──────── LISTED RECORDS ────────

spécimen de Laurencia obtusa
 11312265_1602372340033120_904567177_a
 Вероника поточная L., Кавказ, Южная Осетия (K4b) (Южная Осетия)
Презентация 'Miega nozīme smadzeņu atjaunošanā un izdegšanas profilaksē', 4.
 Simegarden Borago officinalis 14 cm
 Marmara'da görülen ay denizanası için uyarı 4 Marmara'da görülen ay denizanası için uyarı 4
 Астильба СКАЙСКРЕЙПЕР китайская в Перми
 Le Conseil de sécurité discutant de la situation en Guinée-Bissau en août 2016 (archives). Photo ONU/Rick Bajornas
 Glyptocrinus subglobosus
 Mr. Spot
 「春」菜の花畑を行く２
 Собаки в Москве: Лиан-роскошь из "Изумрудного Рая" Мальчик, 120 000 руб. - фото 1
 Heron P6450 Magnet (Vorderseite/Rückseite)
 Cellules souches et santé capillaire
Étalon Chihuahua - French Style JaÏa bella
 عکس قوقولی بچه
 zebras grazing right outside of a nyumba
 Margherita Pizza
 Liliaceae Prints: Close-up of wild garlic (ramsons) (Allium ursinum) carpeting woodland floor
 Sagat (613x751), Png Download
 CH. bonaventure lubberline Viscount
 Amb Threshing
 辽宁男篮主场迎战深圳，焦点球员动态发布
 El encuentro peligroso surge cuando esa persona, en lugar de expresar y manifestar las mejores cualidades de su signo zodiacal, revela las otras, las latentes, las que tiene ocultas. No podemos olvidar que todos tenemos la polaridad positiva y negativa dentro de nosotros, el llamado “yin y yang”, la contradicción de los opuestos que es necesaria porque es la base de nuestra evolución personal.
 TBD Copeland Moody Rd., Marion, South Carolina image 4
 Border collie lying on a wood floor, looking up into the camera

────────

EXERCISE GOAL
From the records above, quote only the lines running from the line with "Liliaceae Prints: Close-up" to the line with "TBD Copeland Moody", both lines included.

WRITTEN SOLUTION
 Liliaceae Prints: Close-up of wild garlic (ramsons) (Allium ursinum) carpeting woodland floor
 Sagat (613x751), Png Download
 CH. bonaventure lubberline Viscount
 Amb Threshing
 辽宁男篮主场迎战深圳，焦点球员动态发布
 El encuentro peligroso surge cuando esa persona, en lugar de expresar y manifestar las mejores cualidades de su signo zodiacal, revela las otras, las latentes, las que tiene ocultas. No podemos olvidar que todos tenemos la polaridad positiva y negativa dentro de nosotros, el llamado “yin y yang”, la contradicción de los opuestos que es necesaria porque es la base de nuestra evolución personal.
 TBD Copeland Moody Rd., Marion, South Carolina image 4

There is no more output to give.